Project Title: Spatially resolved transcriptome profiling in post-mortem human brains of Alzheimer’s disease
Supervisor: Professor Paul Matthews
Location: Level 7, Sir Michael Uren Hub, White City Campus, 86 Wood Lane, W12 0BZ
I have been constantly inspired by the complexity of the human brain and the applicability of neuroscience to our practical world. I started my bachelors degree in Biomedical Sciences at University College London (UCL), and specialised in neuroscience from my second year of studies. I joined Professor Peter Howell’s group for my third year project and worked on a brain stimulation project that applied tDCS over Broca’s region of healthy individuals to investigate its effects in speech processing. This familiarised me with applications of cognitive neuroscience, and encouraged me to pursue my further understanding of the underlying molecular biology. I then joined the MSc Translational Neuroscience course at Imperial, which advanced my neuroscience knowledge on a variety of topics. My great interest in studying glial biology motivated me to join Professor Richard Reynolds group, to work on a project investigating the expression of the neuronal chemokine CXCL13 and its role in grey matter pathology in Multiple Sclerosis. This experience largely honed my wet lab skills and critical thinking. Now at my PhD, I am studying the transcriptional changes of glial cells of different phenotypes, as well as their interactions with pathological features of Alzheimer’s disease, such as amyloid plaques, by using an integrative approach.

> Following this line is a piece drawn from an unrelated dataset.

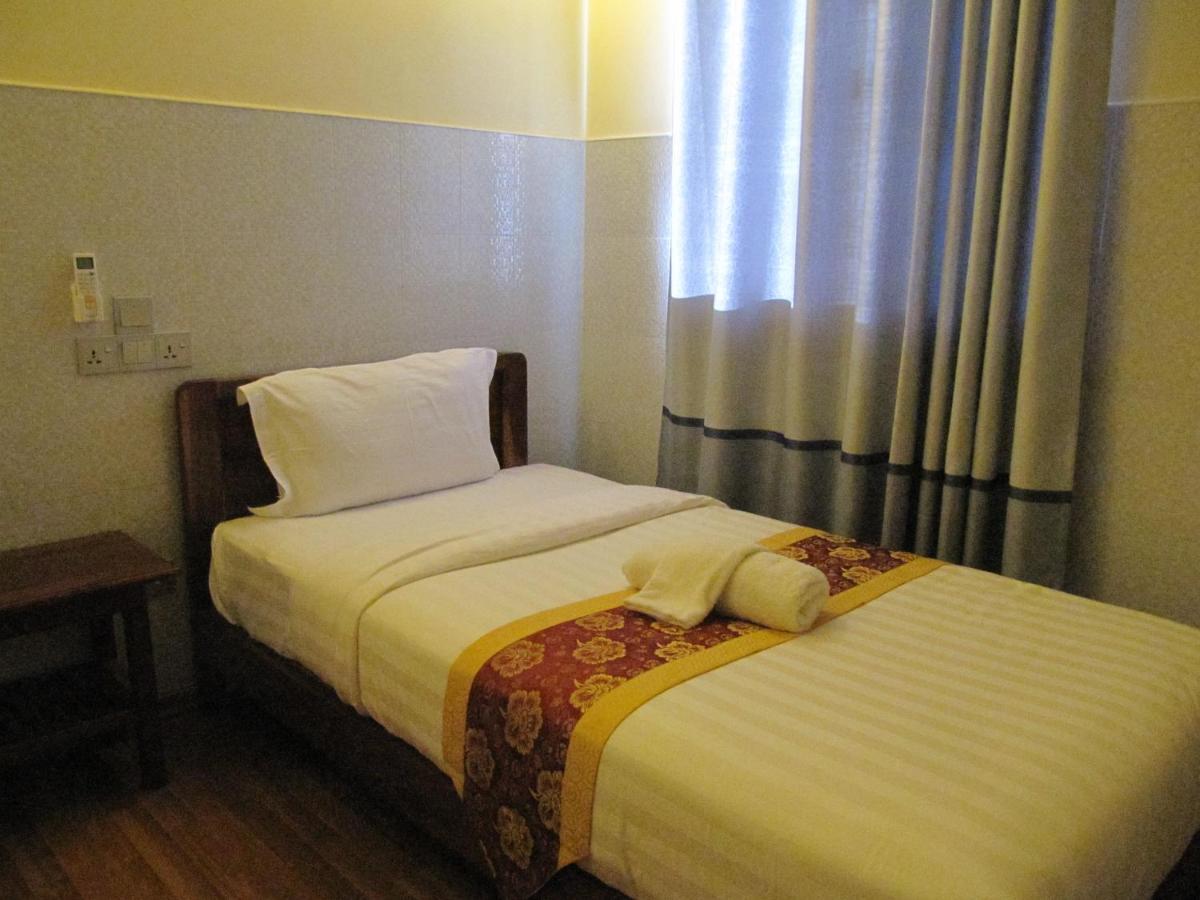Shwe Wun Yan Motel Баган Екстериор снимка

- 2017–2018: MSc Translational Neuroscience (Distinction), Imperial College London
- 2014-2017: BSc Biomedical Sciences, Neuroscience Stream, University College London
Whole transcriptome profiling in frozen tissue facilitates the generation of “whole pictures” for cell type identification in context of heterogeneous tissue. I am using Visium, a spatial transcriptomic technique, to recover major biological meanings that are lost in single-nucleus RNA sequencing data, including spatial mapping of cell types, spatial patterns associated with gene expressions and cell states, and underlying cell-to-cell communications. More specifically, our goal is to characterise the changes in glial cell states that are associated with amyloid plaques in postmortem AD tissue.